(Data entries)
════════════════

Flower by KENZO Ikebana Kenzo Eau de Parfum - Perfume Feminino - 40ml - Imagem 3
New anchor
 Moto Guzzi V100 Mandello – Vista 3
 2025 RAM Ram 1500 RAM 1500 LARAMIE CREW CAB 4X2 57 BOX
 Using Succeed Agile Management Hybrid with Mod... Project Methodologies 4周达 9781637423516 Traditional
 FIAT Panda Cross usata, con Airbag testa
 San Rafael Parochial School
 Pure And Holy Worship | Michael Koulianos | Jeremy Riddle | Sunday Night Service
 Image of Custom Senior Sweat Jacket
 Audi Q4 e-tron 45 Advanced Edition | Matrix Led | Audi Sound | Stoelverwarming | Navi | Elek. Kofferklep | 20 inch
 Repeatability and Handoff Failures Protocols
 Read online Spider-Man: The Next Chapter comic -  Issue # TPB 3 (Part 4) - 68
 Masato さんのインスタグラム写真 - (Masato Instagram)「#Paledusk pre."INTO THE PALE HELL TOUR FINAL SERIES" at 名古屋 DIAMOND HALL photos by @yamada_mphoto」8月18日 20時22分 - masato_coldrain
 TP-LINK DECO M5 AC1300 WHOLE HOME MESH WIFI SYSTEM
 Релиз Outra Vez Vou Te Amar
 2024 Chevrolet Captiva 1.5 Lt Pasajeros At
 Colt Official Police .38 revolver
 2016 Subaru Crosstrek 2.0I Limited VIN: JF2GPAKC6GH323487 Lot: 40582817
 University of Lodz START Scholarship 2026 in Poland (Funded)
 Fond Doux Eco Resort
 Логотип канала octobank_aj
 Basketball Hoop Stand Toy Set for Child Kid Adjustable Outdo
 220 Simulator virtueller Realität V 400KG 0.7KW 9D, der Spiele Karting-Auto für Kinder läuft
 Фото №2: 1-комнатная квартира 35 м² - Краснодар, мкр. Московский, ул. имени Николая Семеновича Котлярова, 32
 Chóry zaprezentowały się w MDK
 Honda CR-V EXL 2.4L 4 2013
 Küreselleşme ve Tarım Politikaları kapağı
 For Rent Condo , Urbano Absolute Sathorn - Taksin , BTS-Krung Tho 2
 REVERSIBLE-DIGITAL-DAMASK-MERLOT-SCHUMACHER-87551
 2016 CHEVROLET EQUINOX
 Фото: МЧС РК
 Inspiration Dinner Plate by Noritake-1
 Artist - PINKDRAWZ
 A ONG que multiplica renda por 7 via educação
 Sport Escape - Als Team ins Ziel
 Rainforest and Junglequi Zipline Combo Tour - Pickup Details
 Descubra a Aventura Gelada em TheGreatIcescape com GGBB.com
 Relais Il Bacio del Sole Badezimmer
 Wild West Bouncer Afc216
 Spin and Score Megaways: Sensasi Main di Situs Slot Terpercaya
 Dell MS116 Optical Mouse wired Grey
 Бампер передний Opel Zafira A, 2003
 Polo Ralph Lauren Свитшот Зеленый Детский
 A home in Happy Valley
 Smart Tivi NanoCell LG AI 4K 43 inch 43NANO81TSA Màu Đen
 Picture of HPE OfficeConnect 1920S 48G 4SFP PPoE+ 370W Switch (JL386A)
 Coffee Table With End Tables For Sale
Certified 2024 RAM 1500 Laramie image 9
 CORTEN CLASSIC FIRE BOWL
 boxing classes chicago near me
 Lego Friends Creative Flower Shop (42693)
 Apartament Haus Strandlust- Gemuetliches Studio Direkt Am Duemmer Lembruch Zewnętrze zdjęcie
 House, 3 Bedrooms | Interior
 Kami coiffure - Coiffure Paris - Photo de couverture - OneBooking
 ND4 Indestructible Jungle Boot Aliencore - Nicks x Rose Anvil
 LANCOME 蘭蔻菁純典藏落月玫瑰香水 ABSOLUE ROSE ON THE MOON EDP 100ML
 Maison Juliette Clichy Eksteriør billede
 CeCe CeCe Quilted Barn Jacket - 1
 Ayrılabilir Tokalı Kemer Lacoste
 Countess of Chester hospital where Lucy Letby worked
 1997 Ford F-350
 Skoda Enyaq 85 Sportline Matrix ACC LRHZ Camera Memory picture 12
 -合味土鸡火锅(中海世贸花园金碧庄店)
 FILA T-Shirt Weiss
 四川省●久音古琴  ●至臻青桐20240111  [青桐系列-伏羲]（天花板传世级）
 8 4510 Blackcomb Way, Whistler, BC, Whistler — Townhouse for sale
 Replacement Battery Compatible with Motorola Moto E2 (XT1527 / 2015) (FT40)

════════════════

## What this task involves:
Each line of the data is to be restated exactly.

## Expected answer:
Flower by KENZO Ikebana Kenzo Eau de Parfum - Perfume Feminino - 40ml - Imagem 3
New anchor
 Moto Guzzi V100 Mandello – Vista 3
 2025 RAM Ram 1500 RAM 1500 LARAMIE CREW CAB 4X2 57 BOX
 Using Succeed Agile Management Hybrid with Mod... Project Methodologies 4周达 9781637423516 Traditional
 FIAT Panda Cross usata, con Airbag testa
 San Rafael Parochial School
 Pure And Holy Worship | Michael Koulianos | Jeremy Riddle | Sunday Night Service
 Image of Custom Senior Sweat Jacket
 Audi Q4 e-tron 45 Advanced Edition | Matrix Led | Audi Sound | Stoelverwarming | Navi | Elek. Kofferklep | 20 inch
 Repeatability and Handoff Failures Protocols
 Read online Spider-Man: The Next Chapter comic -  Issue # TPB 3 (Part 4) - 68
 Masato さんのインスタグラム写真 - (Masato Instagram)「#Paledusk pre."INTO THE PALE HELL TOUR FINAL SERIES" at 名古屋 DIAMOND HALL photos by @yamada_mphoto」8月18日 20時22分 - masato_coldrain
 TP-LINK DECO M5 AC1300 WHOLE HOME MESH WIFI SYSTEM
 Релиз Outra Vez Vou Te Amar
 2024 Chevrolet Captiva 1.5 Lt Pasajeros At
 Colt Official Police .38 revolver
 2016 Subaru Crosstrek 2.0I Limited VIN: JF2GPAKC6GH323487 Lot: 40582817
 University of Lodz START Scholarship 2026 in Poland (Funded)
 Fond Doux Eco Resort
 Логотип канала octobank_aj
 Basketball Hoop Stand Toy Set for Child Kid Adjustable Outdo
 220 Simulator virtueller Realität V 400KG 0.7KW 9D, der Spiele Karting-Auto für Kinder läuft
 Фото №2: 1-комнатная квартира 35 м² - Краснодар, мкр. Московский, ул. имени Николая Семеновича Котлярова, 32
 Chóry zaprezentowały się w MDK
 Honda CR-V EXL 2.4L 4 2013
 Küreselleşme ve Tarım Politikaları kapağı
 For Rent Condo , Urbano Absolute Sathorn - Taksin , BTS-Krung Tho 2
 REVERSIBLE-DIGITAL-DAMASK-MERLOT-SCHUMACHER-87551
 2016 CHEVROLET EQUINOX
 Фото: МЧС РК
 Inspiration Dinner Plate by Noritake-1
 Artist - PINKDRAWZ
 A ONG que multiplica renda por 7 via educação
 Sport Escape - Als Team ins Ziel
 Rainforest and Junglequi Zipline Combo Tour - Pickup Details
 Descubra a Aventura Gelada em TheGreatIcescape com GGBB.com
 Relais Il Bacio del Sole Badezimmer
 Wild West Bouncer Afc216
 Spin and Score Megaways: Sensasi Main di Situs Slot Terpercaya
 Dell MS116 Optical Mouse wired Grey
 Бампер передний Opel Zafira A, 2003
 Polo Ralph Lauren Свитшот Зеленый Детский
 A home in Happy Valley
 Smart Tivi NanoCell LG AI 4K 43 inch 43NANO81TSA Màu Đen
 Picture of HPE OfficeConnect 1920S 48G 4SFP PPoE+ 370W Switch (JL386A)
 Coffee Table With End Tables For Sale
Certified 2024 RAM 1500 Laramie image 9
 CORTEN CLASSIC FIRE BOWL
 boxing classes chicago near me
 Lego Friends Creative Flower Shop (42693)
 Apartament Haus Strandlust- Gemuetliches Studio Direkt Am Duemmer Lembruch Zewnętrze zdjęcie
 House, 3 Bedrooms | Interior
 Kami coiffure - Coiffure Paris - Photo de couverture - OneBooking
 ND4 Indestructible Jungle Boot Aliencore - Nicks x Rose Anvil
 LANCOME 蘭蔻菁純典藏落月玫瑰香水 ABSOLUE ROSE ON THE MOON EDP 100ML
 Maison Juliette Clichy Eksteriør billede
 CeCe CeCe Quilted Barn Jacket - 1
 Ayrılabilir Tokalı Kemer Lacoste
 Countess of Chester hospital where Lucy Letby worked
 1997 Ford F-350
 Skoda Enyaq 85 Sportline Matrix ACC LRHZ Camera Memory picture 12
 -合味土鸡火锅(中海世贸花园金碧庄店)
 FILA T-Shirt Weiss
 四川省●久音古琴  ●至臻青桐20240111  [青桐系列-伏羲]（天花板传世级）
 8 4510 Blackcomb Way, Whistler, BC, Whistler — Townhouse for sale
 Replacement Battery Compatible with Motorola Moto E2 (XT1527 / 2015) (FT40)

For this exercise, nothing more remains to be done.